2) DH Corp take-private deal
DH Corp, a Toronto financial-technology services provider, was taken private in mid-year by Vista Equity Partners for about $4.8 billion. Vista reportedly competed with other PE investors for the company, which was ultimately merged with Britain’s Misys. The new mega-entity was named Finastra.
3) SNC-Lavalin buy of WS Atkins
Montréal engineering and construction company SNC-Lavalin acquired WS Atkins, a U.K. design, engineering and project management consultancy business. The deal, valued at $3.6 billion, was backed with $1.9 billion in debt and equity financing from Caisse de dépôt et placement du Québec.
4) RBI acquisition of Popeyes
Restaurant Brands International, owner of fast-food chains Burger King and Tim Hortons, bought New Orleans-founded Popeyes Louisiana Kitchen for about $2.4 billion (US$1.8 billion). Oakville, Ontario’s RBI was created in 2014, when 3G Capital-backed Burger King acquired Tim Hortons for $12.6 billion.
5) Milestone take-private deal
Milestone Apartments REIT, an owner and operator of U.S. residential properties that listed in Toronto in 2013, was taken private by Starwood Capital Group for about $1.7 billion (US$1.3 billion). Following a slight increase in the original offering price, the deal was closed in the spring.
6) Osisko precious-metals portfolio buy
Osisko Gold Royalties acquired a precious-metals portfolio from Orion Mine Finance for more than $1.1 billion. Caisse de dépôt et placement du Québec and Fonds de solidarité FTQ funded about 41 percent of the $675 million cash payment. Later in the year, PSP Investments agreed to invest $100 million in Montréal’s Osisko.
7) Arctic Glacier sponsor-to-sponsor
Carlyle Group bought Arctic Glacier Holdings, a Winnipeg maker and distributor of packaged ice, from HIG Capital, which acquired it out of bankruptcy in 2012. No financial terms were disclosed, but Moody’s reported the purchase price at about $966 million (US$723 million).

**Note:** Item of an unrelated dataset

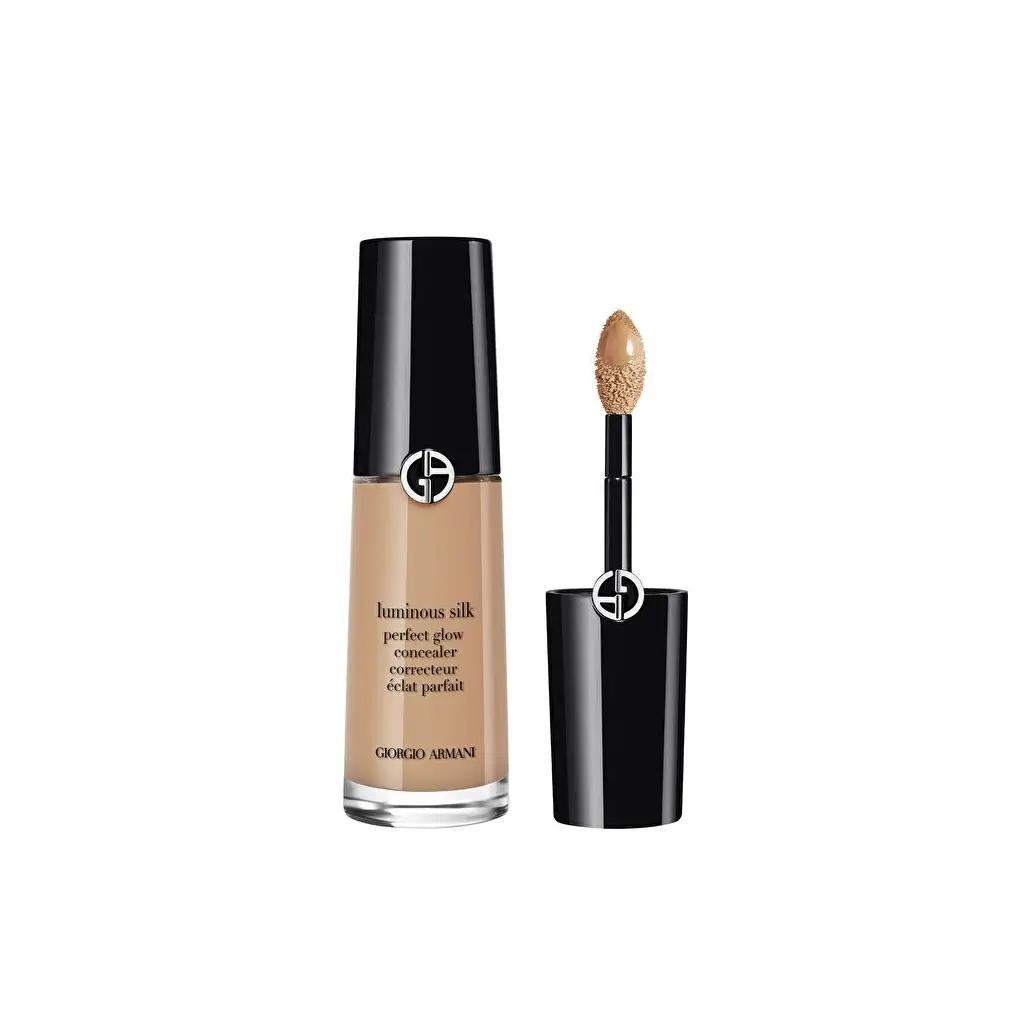 Giorgio Armani Luminous Silk Kapatıcı - 5.5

8) Teekay Offshore stake acquisition
The private equity group of Brookfield Asset Management acquired 60 percent of Teekay Offshore Partners, an affiliate of Vancouver marine energy transportation, storage and production company Teekay Corp. Brookfield paid about $938 million (US$750 million) for the majority interest.
9) Canam take-private deal
Canam Group, a Saint-Georges, Québec, maker of customized construction products, was taken private by American Industrial Partners and members of the Dutil family. The roughly $875 million deal was joined by Caisse de dépôt et placement du Québec and Fonds de solidarité FTQ, Canam’s existing shareholders.
10) Centrica oil and gas assets sale
A consortium led by MIE Holdings and including Can-China Global Resources Fund and Mercuria bought CQ Energy Canada Partnership for about $722 million (£413 million). The target, a Calgary business holding oil and gas producing, resource and infrastructure assets, was sold by Britain’s Centrica.